Algorithmic trading serves as a practical application of software engineering and data science methodologies and quantitative analysis techniques within the context of financial markets. This project-based course offers an introduction to algorithmic trading and the principles behind it, while emphasizing universally applicable engineering concepts and data-driven methodologies.

Students will gain an understanding of the fundamentals of financial markets and trading systems, learn how to manage data, generate signals, backtest strategies, and use APIs to execute trades. Additionally, they will apply risk management principles, position sizing, and software development best practices such as unit testing in Python.
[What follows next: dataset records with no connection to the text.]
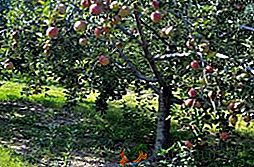 Apple tree "Dream": предимства и недостатъци, засаждане и грижи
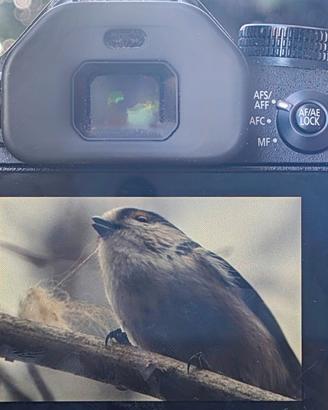 Fotocamera Panasonic Lumix 4K + ACCESSORI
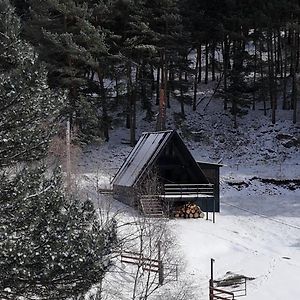 Вилла Mountain Waltz Казбеги Exterior photo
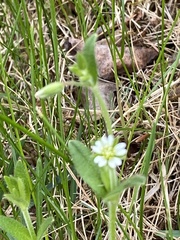 Cerastium beeringianum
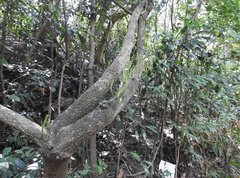 Gnetum luofuense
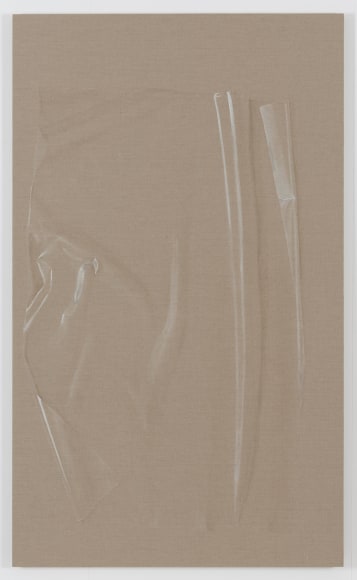 HELENE APPEL  Plastic Sheet (1), 2013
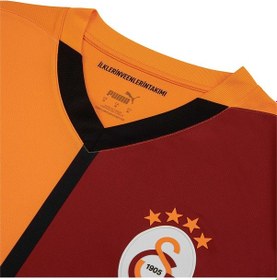 Resim Puma Galatasaray Gsk Home Jersey Wo S 24/25 Erkek Forma-kırmızı Kırmızı 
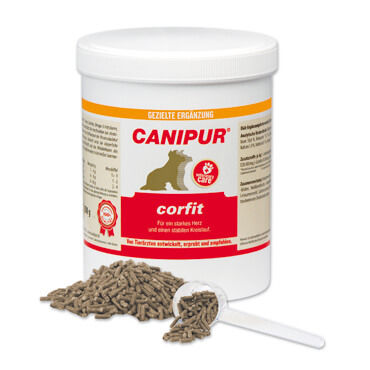 Canipur Corfit 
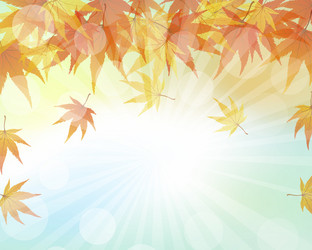 Similar image 8316171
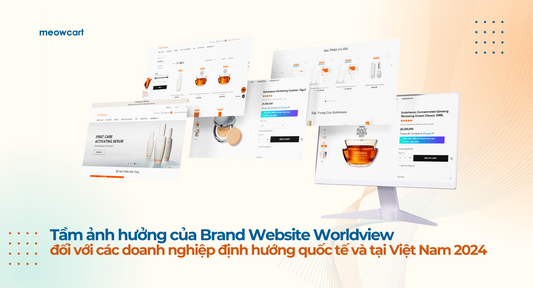 Ảnh hưởng Brand Website Worldview với Doanh Nghiệp 2025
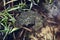 Frogspawn sitting on top of a pond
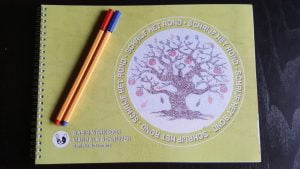 Mandala kleuren; Mandala schrijven met het werkboek Schrijf het rond door Daniëlle Botermans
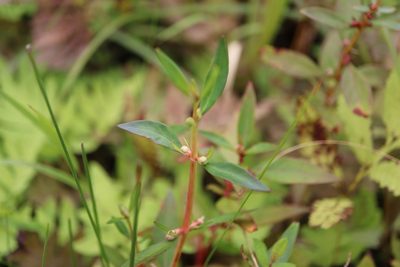 Lysimachia terrestris, photographed by Henry "Nick" Robertson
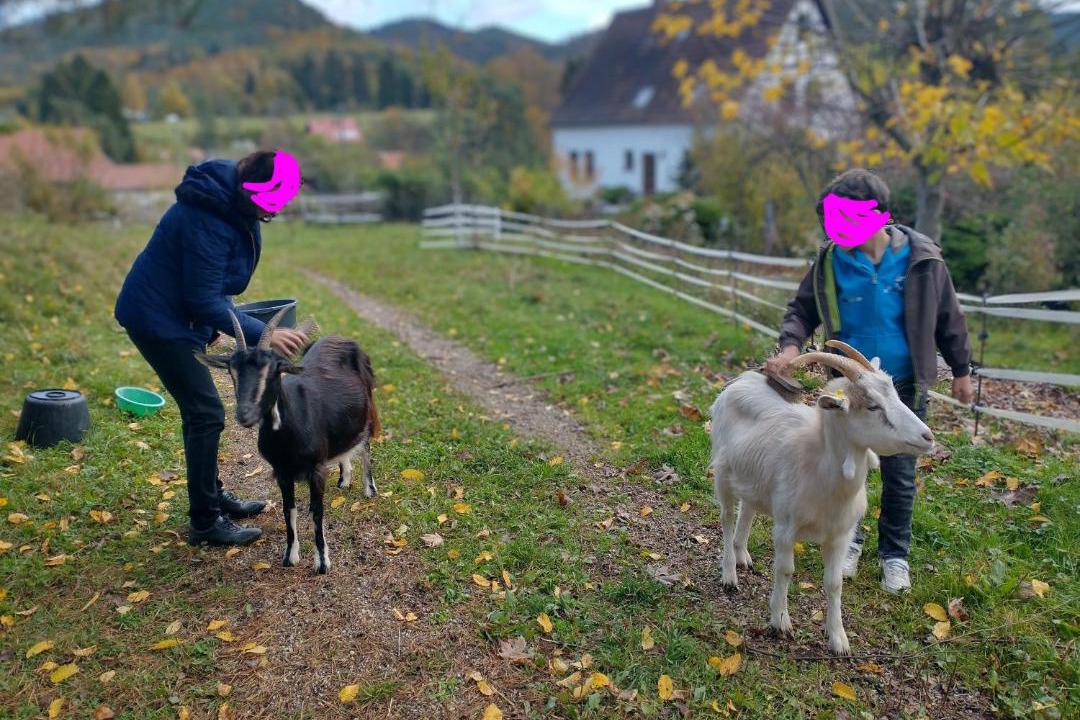Photo of Others in Obersteinbach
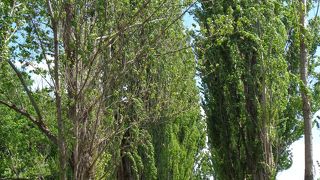 ここが北大のイメージでした。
Most importantly, the course will teach students specific thinking patterns and data science methodologies that can be applied across various engineering and data analysis fields. Students will be equipped with a toolbox needed to continue researching trading strategies, predictive analytics, or other data science-related topics independently.

Following condensed lecture videos, the course will emulate a professional environment through a series of individual assignments culminating in a functional project. Delivery of the project will be guided by direct instruction, Q&A calls, and an online chat group with the lecturers, similar to a real workplace. Students will deliver a functional project in Python, according to a specification, while also taking exams on the theoretical materials covered in the lectures.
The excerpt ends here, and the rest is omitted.